**What to work on**
Only some lines are wanted. Transcribe, exactly, the lines below from the line with "Urban jungle. Hongkong" up to and including the line with "Photo of 24300".

══════════

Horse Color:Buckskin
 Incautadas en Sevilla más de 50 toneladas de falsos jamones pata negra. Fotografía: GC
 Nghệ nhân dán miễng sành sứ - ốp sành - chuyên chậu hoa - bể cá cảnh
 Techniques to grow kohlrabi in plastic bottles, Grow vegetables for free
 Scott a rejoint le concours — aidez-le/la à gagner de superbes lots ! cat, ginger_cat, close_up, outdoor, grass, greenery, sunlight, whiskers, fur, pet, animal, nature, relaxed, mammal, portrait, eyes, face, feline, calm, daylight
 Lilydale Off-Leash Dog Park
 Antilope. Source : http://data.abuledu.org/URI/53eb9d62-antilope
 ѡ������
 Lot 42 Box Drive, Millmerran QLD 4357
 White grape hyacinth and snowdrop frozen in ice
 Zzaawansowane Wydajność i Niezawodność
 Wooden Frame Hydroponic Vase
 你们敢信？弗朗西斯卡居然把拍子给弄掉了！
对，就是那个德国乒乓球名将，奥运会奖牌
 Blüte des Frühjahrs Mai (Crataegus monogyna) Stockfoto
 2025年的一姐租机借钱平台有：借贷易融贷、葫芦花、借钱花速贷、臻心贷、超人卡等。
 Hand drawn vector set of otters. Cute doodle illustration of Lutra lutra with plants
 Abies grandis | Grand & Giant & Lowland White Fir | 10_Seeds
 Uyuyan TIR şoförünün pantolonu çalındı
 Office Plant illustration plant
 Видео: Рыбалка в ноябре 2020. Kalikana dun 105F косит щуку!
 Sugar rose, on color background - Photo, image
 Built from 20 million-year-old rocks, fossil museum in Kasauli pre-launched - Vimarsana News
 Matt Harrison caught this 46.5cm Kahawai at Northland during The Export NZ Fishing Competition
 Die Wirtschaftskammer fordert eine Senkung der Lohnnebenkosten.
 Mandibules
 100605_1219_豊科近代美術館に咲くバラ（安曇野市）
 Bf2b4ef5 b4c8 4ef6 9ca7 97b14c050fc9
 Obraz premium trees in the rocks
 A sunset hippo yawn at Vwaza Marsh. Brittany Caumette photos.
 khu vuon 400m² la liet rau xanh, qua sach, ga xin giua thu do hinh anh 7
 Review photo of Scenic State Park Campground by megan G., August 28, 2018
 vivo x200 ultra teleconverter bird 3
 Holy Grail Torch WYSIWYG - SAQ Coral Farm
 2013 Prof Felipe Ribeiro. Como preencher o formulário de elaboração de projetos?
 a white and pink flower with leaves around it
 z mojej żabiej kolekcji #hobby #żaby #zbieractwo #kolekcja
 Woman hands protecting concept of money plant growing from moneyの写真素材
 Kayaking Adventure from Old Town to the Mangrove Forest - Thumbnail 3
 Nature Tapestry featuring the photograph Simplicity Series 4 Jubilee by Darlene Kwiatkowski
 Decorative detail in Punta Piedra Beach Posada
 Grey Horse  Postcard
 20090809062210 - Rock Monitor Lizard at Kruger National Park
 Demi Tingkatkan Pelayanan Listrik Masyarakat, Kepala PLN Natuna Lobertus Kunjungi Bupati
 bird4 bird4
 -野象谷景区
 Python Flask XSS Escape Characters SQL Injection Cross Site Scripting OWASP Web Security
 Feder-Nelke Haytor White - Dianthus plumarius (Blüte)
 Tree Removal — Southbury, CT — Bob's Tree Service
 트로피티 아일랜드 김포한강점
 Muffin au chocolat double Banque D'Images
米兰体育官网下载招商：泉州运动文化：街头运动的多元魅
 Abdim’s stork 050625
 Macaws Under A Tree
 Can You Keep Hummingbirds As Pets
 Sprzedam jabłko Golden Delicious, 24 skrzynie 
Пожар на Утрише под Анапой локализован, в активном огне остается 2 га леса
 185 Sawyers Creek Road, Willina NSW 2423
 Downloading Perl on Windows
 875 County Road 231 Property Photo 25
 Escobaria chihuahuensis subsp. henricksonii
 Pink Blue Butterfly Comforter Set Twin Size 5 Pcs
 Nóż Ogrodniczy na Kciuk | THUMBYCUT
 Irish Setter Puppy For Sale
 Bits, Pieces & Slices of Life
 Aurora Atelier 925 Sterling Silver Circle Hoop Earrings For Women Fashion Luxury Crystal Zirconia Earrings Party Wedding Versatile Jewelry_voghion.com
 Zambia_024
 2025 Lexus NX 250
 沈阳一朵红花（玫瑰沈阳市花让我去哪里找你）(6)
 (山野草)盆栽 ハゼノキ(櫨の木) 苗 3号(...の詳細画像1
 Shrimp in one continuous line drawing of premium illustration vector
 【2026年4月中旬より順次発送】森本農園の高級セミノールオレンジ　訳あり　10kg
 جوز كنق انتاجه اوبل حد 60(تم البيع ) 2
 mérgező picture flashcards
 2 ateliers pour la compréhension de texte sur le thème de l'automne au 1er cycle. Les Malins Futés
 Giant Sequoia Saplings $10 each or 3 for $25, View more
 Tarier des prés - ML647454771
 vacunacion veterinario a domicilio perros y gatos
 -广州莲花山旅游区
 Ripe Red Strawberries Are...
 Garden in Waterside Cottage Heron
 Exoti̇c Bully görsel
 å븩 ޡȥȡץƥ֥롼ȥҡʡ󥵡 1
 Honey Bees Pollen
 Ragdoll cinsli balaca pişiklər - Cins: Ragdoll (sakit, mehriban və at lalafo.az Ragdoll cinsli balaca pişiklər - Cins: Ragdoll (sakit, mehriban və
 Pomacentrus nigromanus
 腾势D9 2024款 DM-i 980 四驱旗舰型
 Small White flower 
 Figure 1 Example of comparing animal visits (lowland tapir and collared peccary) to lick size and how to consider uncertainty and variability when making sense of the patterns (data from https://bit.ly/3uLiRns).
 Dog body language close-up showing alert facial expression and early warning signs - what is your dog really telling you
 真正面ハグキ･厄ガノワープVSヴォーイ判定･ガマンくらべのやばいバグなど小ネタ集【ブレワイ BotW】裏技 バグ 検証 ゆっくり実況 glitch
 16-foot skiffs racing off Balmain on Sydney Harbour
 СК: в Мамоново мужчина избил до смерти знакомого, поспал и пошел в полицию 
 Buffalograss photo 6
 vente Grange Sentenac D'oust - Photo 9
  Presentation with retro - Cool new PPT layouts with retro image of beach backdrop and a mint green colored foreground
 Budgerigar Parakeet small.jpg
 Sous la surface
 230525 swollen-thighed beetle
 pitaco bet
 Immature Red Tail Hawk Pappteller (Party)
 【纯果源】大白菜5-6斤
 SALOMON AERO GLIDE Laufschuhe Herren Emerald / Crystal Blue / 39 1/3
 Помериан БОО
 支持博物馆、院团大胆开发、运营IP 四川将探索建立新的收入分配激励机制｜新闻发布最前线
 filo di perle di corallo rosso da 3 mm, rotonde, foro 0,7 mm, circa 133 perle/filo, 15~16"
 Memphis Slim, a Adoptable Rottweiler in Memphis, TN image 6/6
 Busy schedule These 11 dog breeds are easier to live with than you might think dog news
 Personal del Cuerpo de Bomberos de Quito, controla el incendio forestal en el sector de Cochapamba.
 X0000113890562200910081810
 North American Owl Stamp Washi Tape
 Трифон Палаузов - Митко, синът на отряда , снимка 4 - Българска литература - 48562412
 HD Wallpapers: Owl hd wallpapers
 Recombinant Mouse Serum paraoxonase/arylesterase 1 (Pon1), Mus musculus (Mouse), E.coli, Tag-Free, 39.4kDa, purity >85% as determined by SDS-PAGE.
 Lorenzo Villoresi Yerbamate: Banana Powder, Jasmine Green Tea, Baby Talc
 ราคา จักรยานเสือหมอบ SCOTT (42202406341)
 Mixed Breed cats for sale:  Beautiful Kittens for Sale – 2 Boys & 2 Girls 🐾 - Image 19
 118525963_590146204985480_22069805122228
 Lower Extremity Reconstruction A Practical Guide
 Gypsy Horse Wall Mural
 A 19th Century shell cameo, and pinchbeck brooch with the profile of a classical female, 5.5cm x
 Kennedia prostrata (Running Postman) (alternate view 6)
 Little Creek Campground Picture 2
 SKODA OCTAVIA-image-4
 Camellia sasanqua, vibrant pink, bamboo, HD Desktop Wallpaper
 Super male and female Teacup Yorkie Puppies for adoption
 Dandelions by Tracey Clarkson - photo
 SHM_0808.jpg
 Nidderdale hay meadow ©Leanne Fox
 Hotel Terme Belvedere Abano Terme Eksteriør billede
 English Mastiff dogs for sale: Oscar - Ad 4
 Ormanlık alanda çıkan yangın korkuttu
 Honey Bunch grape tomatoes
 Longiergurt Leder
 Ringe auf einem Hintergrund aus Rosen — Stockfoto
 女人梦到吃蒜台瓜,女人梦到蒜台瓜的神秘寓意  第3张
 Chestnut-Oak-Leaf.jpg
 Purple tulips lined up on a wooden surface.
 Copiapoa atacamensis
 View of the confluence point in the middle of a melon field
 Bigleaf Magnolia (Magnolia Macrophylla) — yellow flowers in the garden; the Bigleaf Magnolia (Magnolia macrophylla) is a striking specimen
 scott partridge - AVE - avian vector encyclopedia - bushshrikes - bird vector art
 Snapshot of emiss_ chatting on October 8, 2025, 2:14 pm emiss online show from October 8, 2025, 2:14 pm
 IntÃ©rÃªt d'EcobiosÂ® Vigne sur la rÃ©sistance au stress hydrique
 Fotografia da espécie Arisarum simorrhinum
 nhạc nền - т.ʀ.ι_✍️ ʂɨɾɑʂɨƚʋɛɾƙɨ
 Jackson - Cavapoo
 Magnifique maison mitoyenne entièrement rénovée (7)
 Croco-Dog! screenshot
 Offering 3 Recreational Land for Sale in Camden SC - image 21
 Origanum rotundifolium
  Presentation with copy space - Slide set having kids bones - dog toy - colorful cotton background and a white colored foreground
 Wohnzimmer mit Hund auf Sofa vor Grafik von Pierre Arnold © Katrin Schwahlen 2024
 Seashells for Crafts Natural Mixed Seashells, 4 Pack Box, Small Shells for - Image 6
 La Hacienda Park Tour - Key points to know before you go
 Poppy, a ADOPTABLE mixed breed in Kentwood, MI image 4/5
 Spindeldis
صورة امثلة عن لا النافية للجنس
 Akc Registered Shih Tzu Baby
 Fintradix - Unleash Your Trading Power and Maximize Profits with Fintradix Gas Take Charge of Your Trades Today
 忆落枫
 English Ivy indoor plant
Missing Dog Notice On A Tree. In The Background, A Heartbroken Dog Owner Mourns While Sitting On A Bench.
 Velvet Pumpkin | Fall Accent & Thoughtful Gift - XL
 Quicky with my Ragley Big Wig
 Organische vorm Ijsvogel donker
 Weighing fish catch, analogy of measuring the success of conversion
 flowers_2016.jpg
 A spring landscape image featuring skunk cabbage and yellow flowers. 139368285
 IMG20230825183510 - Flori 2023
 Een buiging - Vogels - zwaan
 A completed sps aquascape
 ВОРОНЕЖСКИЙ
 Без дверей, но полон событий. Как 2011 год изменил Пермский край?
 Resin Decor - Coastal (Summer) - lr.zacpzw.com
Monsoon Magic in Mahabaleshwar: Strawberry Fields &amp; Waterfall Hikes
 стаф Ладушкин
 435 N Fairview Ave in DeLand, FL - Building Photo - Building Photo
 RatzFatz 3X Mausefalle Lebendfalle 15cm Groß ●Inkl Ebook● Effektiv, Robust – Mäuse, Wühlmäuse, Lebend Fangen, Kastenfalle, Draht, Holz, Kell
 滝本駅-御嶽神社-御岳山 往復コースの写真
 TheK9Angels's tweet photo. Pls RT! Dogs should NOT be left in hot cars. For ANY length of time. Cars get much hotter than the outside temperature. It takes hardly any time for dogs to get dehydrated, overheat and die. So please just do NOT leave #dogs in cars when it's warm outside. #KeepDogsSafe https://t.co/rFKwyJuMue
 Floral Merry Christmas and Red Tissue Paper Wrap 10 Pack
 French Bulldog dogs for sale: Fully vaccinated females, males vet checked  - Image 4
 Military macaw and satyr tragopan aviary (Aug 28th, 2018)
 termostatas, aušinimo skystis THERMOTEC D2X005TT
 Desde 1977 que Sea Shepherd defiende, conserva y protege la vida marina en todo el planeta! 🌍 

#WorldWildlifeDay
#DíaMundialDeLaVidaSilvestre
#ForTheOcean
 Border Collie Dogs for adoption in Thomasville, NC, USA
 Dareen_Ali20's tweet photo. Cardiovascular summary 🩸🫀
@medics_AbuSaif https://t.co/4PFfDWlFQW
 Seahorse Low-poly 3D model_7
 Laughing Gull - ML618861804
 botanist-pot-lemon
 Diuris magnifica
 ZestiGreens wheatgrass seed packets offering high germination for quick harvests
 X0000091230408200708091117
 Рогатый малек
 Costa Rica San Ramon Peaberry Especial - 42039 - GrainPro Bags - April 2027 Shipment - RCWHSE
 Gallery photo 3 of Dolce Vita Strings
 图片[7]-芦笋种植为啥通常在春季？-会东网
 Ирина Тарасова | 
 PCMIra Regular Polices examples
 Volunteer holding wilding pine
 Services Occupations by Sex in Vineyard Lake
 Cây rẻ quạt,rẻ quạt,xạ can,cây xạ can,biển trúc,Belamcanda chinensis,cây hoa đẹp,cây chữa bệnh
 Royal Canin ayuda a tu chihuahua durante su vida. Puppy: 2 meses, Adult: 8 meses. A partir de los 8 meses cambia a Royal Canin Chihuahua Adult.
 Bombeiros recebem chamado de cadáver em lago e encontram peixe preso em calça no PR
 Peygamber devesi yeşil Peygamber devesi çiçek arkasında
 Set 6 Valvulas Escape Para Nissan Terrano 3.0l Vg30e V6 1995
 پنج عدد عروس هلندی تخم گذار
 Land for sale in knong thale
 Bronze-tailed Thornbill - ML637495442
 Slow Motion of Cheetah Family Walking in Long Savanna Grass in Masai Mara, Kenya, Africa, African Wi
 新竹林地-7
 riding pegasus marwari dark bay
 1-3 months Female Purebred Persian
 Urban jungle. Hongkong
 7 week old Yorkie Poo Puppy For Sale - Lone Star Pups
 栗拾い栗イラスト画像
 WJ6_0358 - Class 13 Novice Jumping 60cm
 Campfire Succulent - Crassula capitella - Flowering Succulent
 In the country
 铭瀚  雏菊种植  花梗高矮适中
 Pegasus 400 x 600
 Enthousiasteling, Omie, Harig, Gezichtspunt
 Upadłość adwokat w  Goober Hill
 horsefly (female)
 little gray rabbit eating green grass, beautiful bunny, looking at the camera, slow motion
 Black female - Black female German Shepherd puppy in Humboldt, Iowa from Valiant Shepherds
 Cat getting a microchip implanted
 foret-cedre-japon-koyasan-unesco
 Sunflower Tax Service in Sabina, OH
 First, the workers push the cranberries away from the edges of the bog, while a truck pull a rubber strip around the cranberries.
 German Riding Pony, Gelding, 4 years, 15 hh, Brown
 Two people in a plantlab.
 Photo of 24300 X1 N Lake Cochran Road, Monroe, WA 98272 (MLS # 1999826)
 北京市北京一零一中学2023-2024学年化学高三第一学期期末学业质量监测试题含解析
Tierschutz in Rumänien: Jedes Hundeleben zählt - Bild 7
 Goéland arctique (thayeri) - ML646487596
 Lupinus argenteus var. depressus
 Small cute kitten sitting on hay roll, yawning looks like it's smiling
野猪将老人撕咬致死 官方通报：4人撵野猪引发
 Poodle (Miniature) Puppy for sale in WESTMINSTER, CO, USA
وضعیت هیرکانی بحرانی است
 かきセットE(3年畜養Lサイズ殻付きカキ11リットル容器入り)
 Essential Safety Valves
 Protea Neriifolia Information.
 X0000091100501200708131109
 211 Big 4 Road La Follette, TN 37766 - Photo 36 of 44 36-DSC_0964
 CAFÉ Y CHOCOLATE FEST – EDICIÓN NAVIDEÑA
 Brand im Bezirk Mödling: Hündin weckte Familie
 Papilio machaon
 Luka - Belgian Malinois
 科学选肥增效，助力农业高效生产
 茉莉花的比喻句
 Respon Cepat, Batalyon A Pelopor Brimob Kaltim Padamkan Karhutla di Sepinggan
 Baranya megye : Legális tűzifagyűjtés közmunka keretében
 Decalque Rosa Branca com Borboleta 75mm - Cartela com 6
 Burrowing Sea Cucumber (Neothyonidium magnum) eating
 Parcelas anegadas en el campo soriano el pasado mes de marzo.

══════════

**Answer to this problem**
 Urban jungle. Hongkong
 7 week old Yorkie Poo Puppy For Sale - Lone Star Pups
 栗拾い栗イラスト画像
 WJ6_0358 - Class 13 Novice Jumping 60cm
 Campfire Succulent - Crassula capitella - Flowering Succulent
 In the country
 铭瀚  雏菊种植  花梗高矮适中
 Pegasus 400 x 600
 Enthousiasteling, Omie, Harig, Gezichtspunt
 Upadłość adwokat w  Goober Hill
 horsefly (female)
 little gray rabbit eating green grass, beautiful bunny, looking at the camera, slow motion
 Black female - Black female German Shepherd puppy in Humboldt, Iowa from Valiant Shepherds
 Cat getting a microchip implanted
 foret-cedre-japon-koyasan-unesco
 Sunflower Tax Service in Sabina, OH
 First, the workers push the cranberries away from the edges of the bog, while a truck pull a rubber strip around the cranberries.
 German Riding Pony, Gelding, 4 years, 15 hh, Brown
 Two people in a plantlab.
 Photo of 24300 X1 N Lake Cochran Road, Monroe, WA 98272 (MLS # 1999826)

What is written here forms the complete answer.